The first wave of ESG tech won attention by making sustainability data easier to collect, organise, and present. That was enough when most firms were still trying to get a report out the door, stand up a dashboard, or show that they were at least taking measurement seriously. That phase is ending. There is a clear weight on sustainability-related disclosures being comparable, verifiable, timely, and understandable, while also requiring connected information between sustainability disclosures and financial reporting.

That changes the commercial logic of the software category. The enterprise buyer is no longer asking only whether a platform can calculate a number. Increasingly, the buyer needs to know whether that number can survive challenges from finance, internal audit, external assurance, regulators, and the board. This is the integrity gap in ESG tech. Many platforms can produce metrics. Far fewer can explain, with discipline, where each input came from, what happened to it in transit, which assumptions touched it, and why the final output should still be trusted. That is not a reporting nicety. It is becoming a buying criterion.

The market has moved from measurement to defensibility

The most important shift is not technical. It is institutional.

Sustainability information is no longer treated as a side narrative. It is treated as part of general-purpose financial reporting and explicitly says the information should be provided in a way that helps users understand connections across governance, strategy, risk management, metrics, targets, and the related financial statements. It also defines verifiability in practical terms, saying information is more useful when it can be corroborated directly or through the inputs used to derive it. That is a higher bar than modern ESG software was originally built for.

Why lineage matters more than teams realise

Data lineage sounds technical, but its real value is managerial. Data provenance in terms equivalent to a chain of custody, covering the generation, transmission, and storage of information in a way that can trace origin. That is exactly the language enterprise climate tech should now be borrowing. For a large company, especially in sectors like oil and gas, utilities, manufacturing, and heavy industry, a reported climate metric rarely comes from one neat system. It is assembled across operational data, finance systems, procurement records, supplier inputs, certificates, spreadsheets, manual adjustments, and judgment calls. If that chain is unclear, the number may still be useful for internal direction, but it becomes harder to defend as enterprise-grade reporting.

Also Read: ESG as strategic value: Why Asian boards must move beyond disclosure

This is not abstract. The core reporting principles of many protocols say transparency depends on a clear audit trail, references to methodologies and data sources, and information being recorded and analysed in a way that allows internal reviewers and external verifiers to attest to credibility. It also states that companies are responsible for the existence, quality, and retention of documentation so as to create an audit trail of how the inventory was compiled. It goes further and says an audit trail or similar mechanism is needed to show that no other entity is claiming the same environmental attributes. In other words, lineage is not an administrative garnish. It sits inside the claim itself.

The uncomfortable part for vendors is that dashboards are no longer enough

Many climate tech products were shaped by the priorities of an earlier market. They were built to speed up collection, improve completion rates, standardise templates, and give sustainability teams a cleaner operating interface. None of that is trivial, but it is no longer where strategic differentiation lives.

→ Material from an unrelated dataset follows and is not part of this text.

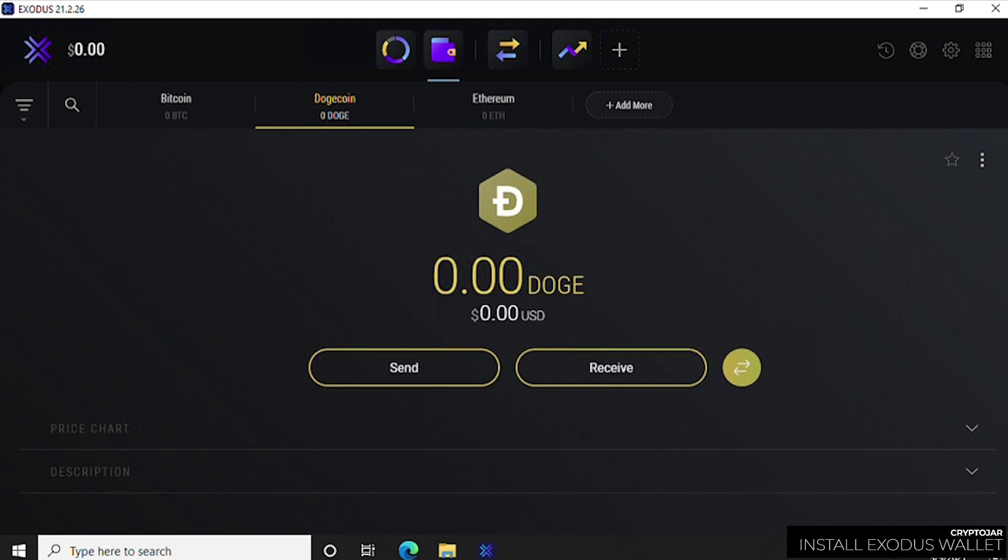That's how you install the Exodus wallet on Windows 10 PC. I hope you find this useful. If you did, please give us a like. We'll be looking at a lot of other methods and how to mine cryptocurrency, as well as wallets and how to install them on devices, laptops, computers, phones. If that interests you, please subscribe to the channel. Thank you for watching, and I'll catch you on the next one.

The next enterprise question is harsher. Can the platform preserve a defendable history of the number, not just its latest version? Can it show which emission factor was used at the time, who overrode a value, which source file was replaced, when a boundary changed, and whether prior periods were restated consistently? The emphasis is on connected information, consistent data and assumptions, and verifiability means the product has to support coherence across narrative, metrics, and financial context. A tool that calculates well but forgets its own reasoning is going to look weaker with every reporting cycle.

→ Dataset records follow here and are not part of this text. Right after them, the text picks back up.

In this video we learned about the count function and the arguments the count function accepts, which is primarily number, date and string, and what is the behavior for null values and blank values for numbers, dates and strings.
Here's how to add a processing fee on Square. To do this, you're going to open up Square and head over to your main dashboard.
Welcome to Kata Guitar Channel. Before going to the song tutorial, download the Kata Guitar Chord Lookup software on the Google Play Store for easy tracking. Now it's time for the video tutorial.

Auditability is becoming a commercial feature, not a compliance burden

This is the part many founders and product leaders still underplay. Auditability is often framed as a back-office requirement that slows the user down. In enterprise climate tech, it is becoming part of the product’s commercial value.

The reason is simple. Buyers are now under pressure to prove consistency between sustainability reporting and financial reporting, and assurance helps ensure that connectivity and consistency. That means a platform with weak controls around lineage, documentation, and historical traceability does not just create future compliance pain. It creates present-day buying friction. The product may look strong in a pilot, yet fail the moment the CFO, controller, assurance provider, or procurement team asks how the evidence trail is preserved.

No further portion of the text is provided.